:: ASSIGNED TASK ::
Starting at the line with "上順旅行社之星夢郵輪玩什麼?" and stopping at the final line, retype the data below exactly; do not carry over any pictures.

:: SOURCE MATERIAL ::
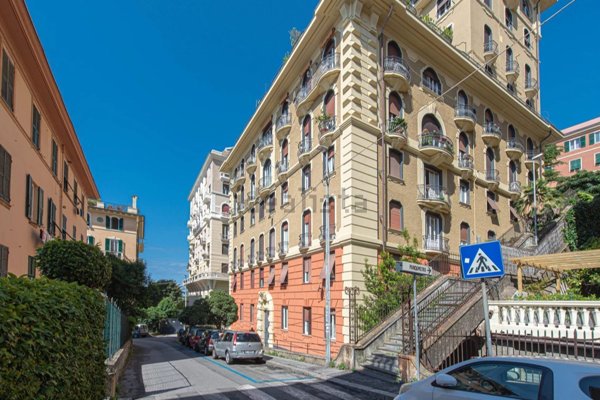 appartamento in vendita a Genova in zona Castelletto
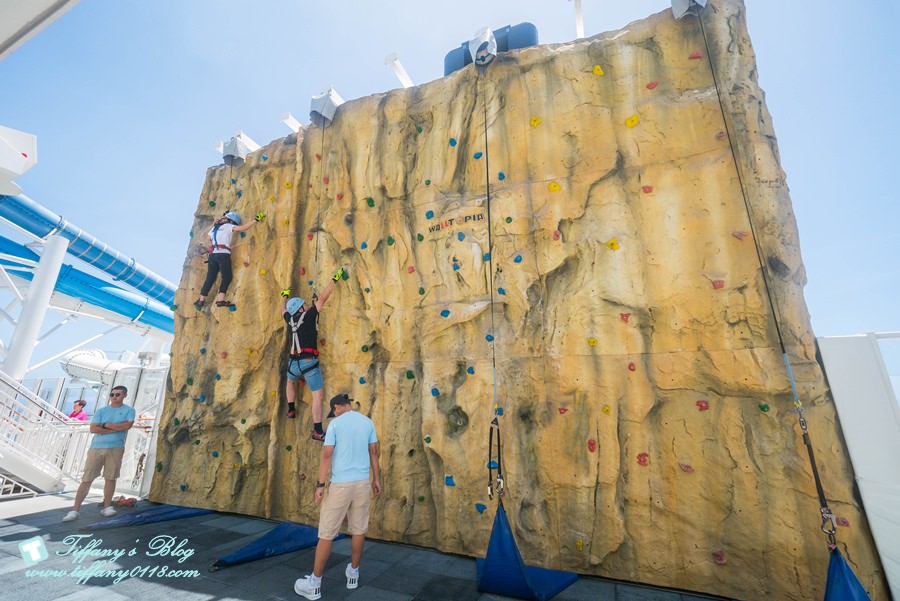 上順旅行社之星夢郵輪玩什麼?船上所有活動全紀錄/戶外泳池攀岩牆+室內VR賽車電競場/各種親子活動還有大型表演秀看不完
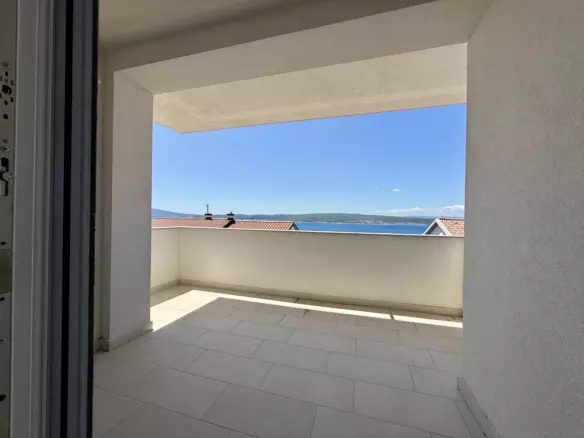 3-bedroom Apartment In Crikvenica, Croatia (123 M²)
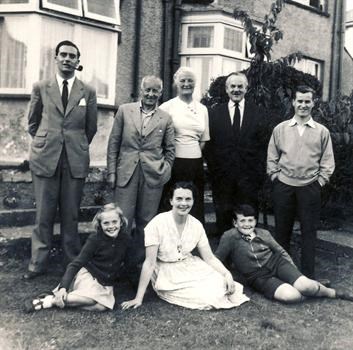 Family Group, Pentyla 1956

:: SOLUTION BELOW ::
 上順旅行社之星夢郵輪玩什麼?船上所有活動全紀錄/戶外泳池攀岩牆+室內VR賽車電競場/各種親子活動還有大型表演秀看不完
 3-bedroom Apartment In Crikvenica, Croatia (123 M²)
 Family Group, Pentyla 1956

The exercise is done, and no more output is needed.